-- WHAT IS EXPECTED --
Return the stretch from the line with "Before adding on" through the line with "The build quality" in the data below, character for character, skipping all pictures.

-- RECORDS TO PROCESS --

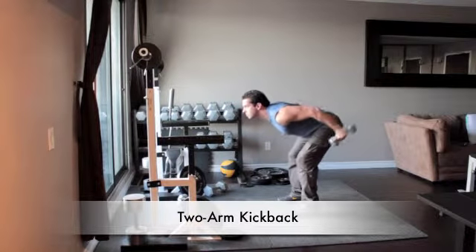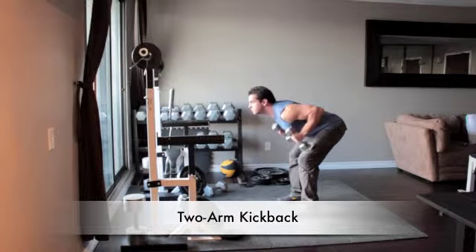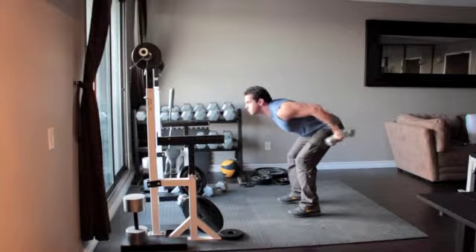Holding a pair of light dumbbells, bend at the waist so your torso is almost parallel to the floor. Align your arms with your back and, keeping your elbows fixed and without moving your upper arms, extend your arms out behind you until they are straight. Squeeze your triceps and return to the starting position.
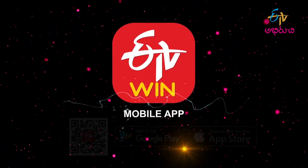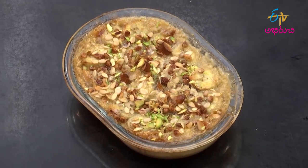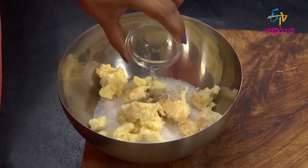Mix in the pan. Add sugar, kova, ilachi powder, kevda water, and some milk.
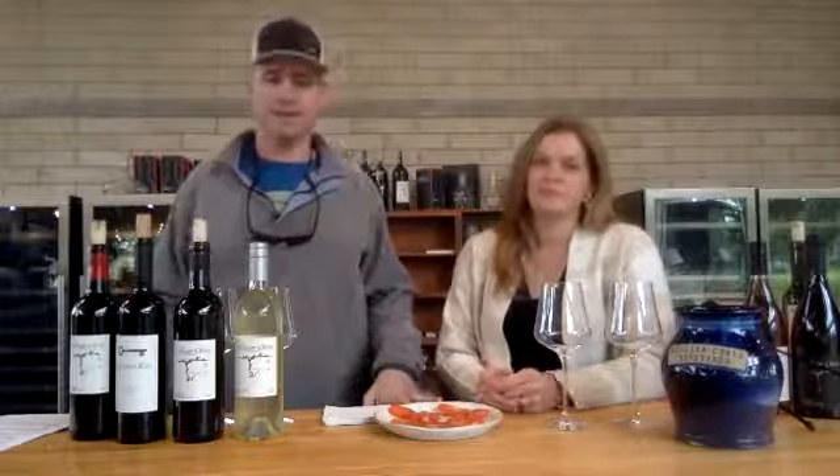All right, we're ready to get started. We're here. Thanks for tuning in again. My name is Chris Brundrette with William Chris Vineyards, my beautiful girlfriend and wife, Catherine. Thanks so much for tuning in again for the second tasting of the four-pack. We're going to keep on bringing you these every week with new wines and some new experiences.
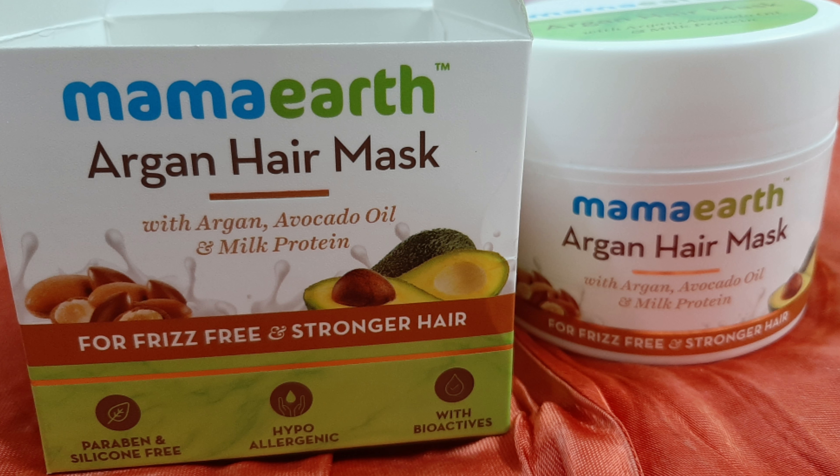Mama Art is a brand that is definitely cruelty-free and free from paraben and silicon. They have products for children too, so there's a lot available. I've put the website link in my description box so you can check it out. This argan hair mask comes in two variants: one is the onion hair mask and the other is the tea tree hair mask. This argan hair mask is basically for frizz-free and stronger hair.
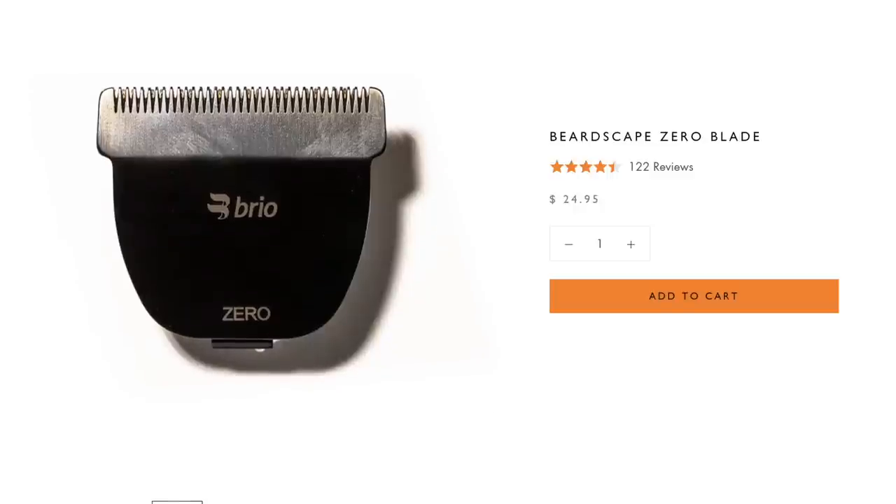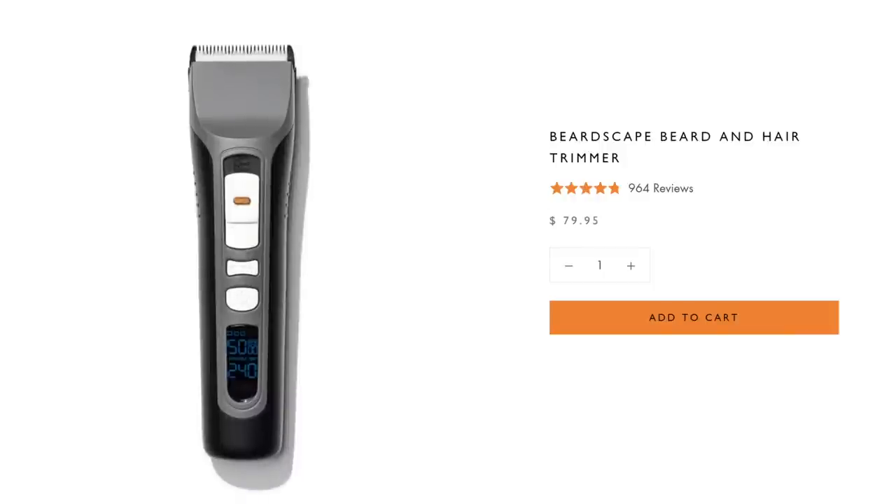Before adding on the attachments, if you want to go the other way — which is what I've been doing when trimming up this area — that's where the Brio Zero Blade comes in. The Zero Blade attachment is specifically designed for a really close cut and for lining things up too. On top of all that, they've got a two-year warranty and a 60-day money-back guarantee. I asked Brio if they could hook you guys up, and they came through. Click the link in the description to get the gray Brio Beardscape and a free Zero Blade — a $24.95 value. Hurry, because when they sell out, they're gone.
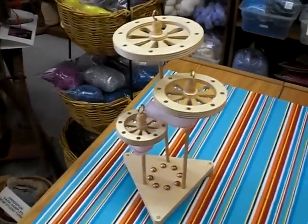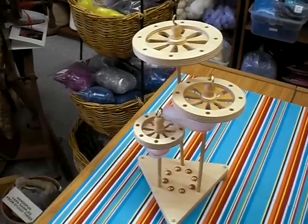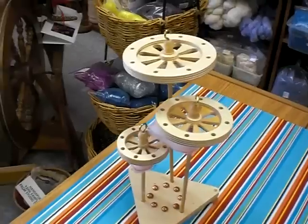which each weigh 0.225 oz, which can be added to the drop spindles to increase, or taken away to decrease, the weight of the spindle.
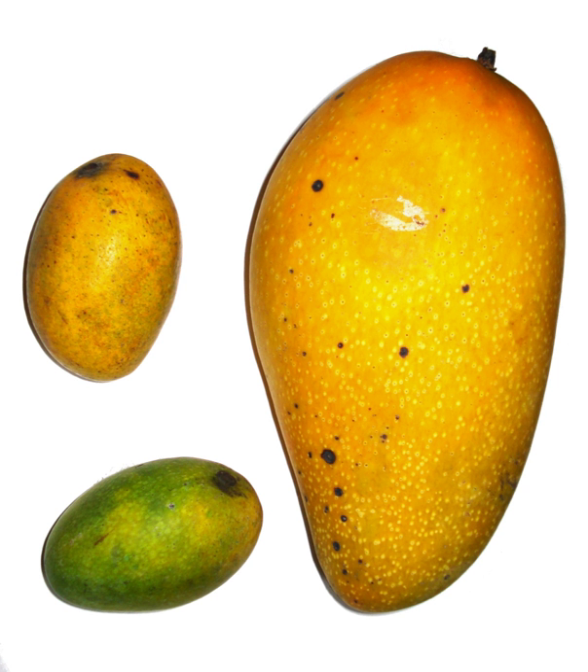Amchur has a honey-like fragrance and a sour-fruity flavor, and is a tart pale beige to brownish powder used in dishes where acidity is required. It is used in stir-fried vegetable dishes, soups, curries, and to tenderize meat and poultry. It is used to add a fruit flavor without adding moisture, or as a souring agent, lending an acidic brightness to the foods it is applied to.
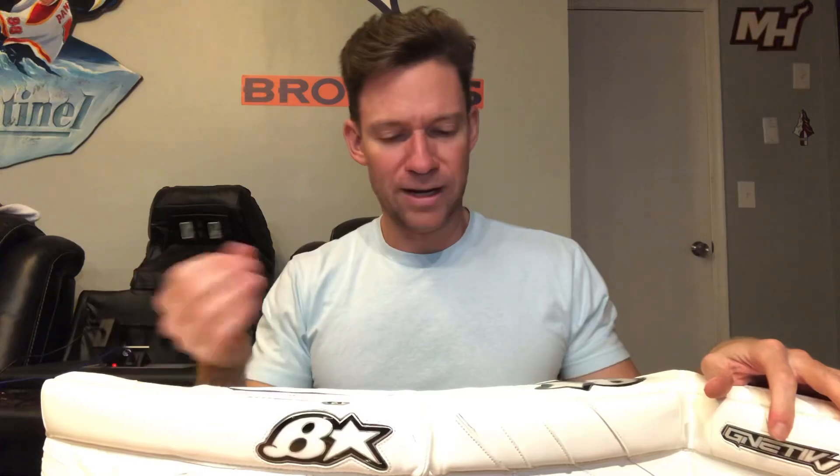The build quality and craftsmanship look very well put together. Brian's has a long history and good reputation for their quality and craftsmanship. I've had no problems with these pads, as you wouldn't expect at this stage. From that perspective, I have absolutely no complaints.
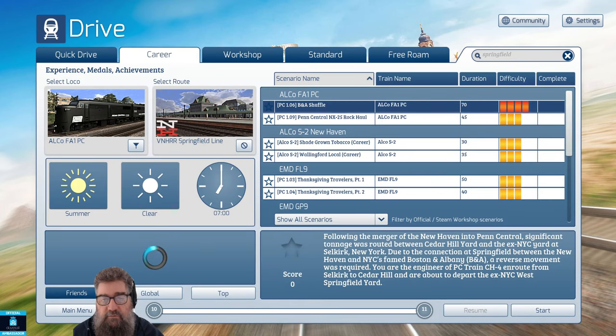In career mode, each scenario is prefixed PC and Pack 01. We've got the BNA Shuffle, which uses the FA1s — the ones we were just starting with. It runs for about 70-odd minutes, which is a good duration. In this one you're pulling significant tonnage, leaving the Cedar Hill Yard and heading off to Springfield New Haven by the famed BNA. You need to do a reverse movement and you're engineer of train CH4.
--
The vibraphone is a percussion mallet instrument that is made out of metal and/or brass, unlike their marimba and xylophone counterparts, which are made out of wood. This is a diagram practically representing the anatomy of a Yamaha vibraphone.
==
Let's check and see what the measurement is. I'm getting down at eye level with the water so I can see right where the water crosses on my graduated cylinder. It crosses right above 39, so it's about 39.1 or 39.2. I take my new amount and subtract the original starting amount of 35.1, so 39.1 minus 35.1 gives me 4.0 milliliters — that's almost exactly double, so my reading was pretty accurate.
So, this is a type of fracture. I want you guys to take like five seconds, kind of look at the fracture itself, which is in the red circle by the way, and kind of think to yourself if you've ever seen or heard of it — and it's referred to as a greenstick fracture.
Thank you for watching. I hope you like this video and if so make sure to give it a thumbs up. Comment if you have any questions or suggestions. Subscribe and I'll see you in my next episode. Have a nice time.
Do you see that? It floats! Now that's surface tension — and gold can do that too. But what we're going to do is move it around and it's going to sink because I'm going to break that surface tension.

-- SOLUTION TO THIS EXERCISE --
Before adding on the attachments, if you want to go the other way — which is what I've been doing when trimming up this area — that's where the Brio Zero Blade comes in. The Zero Blade attachment is specifically designed for a really close cut and for lining things up too. On top of all that, they've got a two-year warranty and a 60-day money-back guarantee. I asked Brio if they could hook you guys up, and they came through. Click the link in the description to get the gray Brio Beardscape and a free Zero Blade — a $24.95 value. Hurry, because when they sell out, they're gone.
which each weigh 0.225 oz, which can be added to the drop spindles to increase, or taken away to decrease, the weight of the spindle.
Amchur has a honey-like fragrance and a sour-fruity flavor, and is a tart pale beige to brownish powder used in dishes where acidity is required. It is used in stir-fried vegetable dishes, soups, curries, and to tenderize meat and poultry. It is used to add a fruit flavor without adding moisture, or as a souring agent, lending an acidic brightness to the foods it is applied to.
The build quality and craftsmanship look very well put together. Brian's has a long history and good reputation for their quality and craftsmanship. I've had no problems with these pads, as you wouldn't expect at this stage. From that perspective, I have absolutely no complaints.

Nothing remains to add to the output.